GIVEN INFORMATION:
>>>>

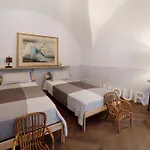 Residenza Stoechas Appartement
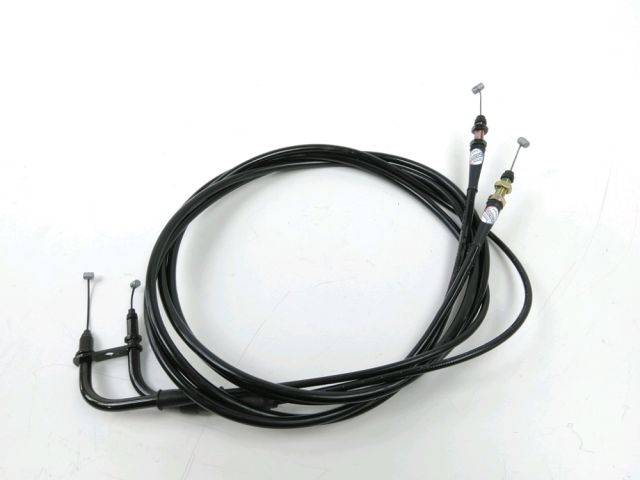 Cable d'accelerateur occasion KYMCO DTX 360 2022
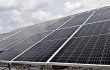Indian Military Installs Its First Solar Plant At Narengi Station-Assam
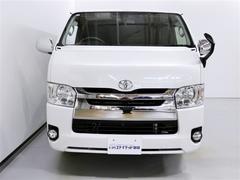 �Ų�����ˤ����ޤ��Ǥ���Ź��ǽ�����ؤ�����˸¤餻�Ƥ��������Ƥ���ޤ��� 2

<<<<

AIM OF THE TASK:
The pictures are not wanted, but every line of the listing should be duplicated exactly.

RESPONSE TO THE TASK:
 Residenza Stoechas Appartement
 Cable d'accelerateur occasion KYMCO DTX 360 2022
Indian Military Installs Its First Solar Plant At Narengi Station-Assam
 �Ų�����ˤ����ޤ��Ǥ���Ź��ǽ�����ؤ�����˸¤餻�Ƥ��������Ƥ���ޤ��� 2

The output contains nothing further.